A reasonable accommodation is a relatively minor change that your employer can make so that you can perform your job adequately. While there are rare situations in which an employer can refuse to make a reasonable accommodation, he or she cannot just ignore your request.
What are examples of reasonable accommodations?
According to the Equal Employment Opportunity Commission, a few examples of reasonable accommodations that you may request from your employer include:
- Reassigning you to an equal position if you can no longer do your existing job
- Modifying your schedule to work fewer hours, take more breaks, etc.
- Providing more unpaid leave
- Restructuring a job
How do you request reasonable accommodations?
There is no need for a formal process to request a reasonable accommodation. You do not need to make the request in writing or use any legal terminology. Your employer should reply promptly to your request and work with you to find accommodation that meets your needs.
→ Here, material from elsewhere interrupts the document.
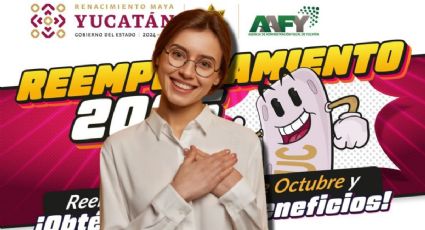 Reemplacamiento Yucatán 2025: este es el último día para realizar el trámite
Your employer does not need to provide you with the exact accommodation you request. However, he or she should provide one that is equally as effective.
When can an employer deny a request for a reasonable accommodation?
The law allows your employer to deny a reasonable accommodation if it would impose an undue hardship. In most cases, an undue hardship refers to an accommodation that would be too expensive for the employer to afford. Other examples of undue hardship include fundamentally altering the operation of the business or causing disruption to the other employees.
However, your employer cannot claim undue hardship for a reasonable accommodation based on its effect on the morale of the other employees, nor on the prejudices and fears of employees or customers. There is also no exemption from reasonable accommodation merely because your employer owns a small business.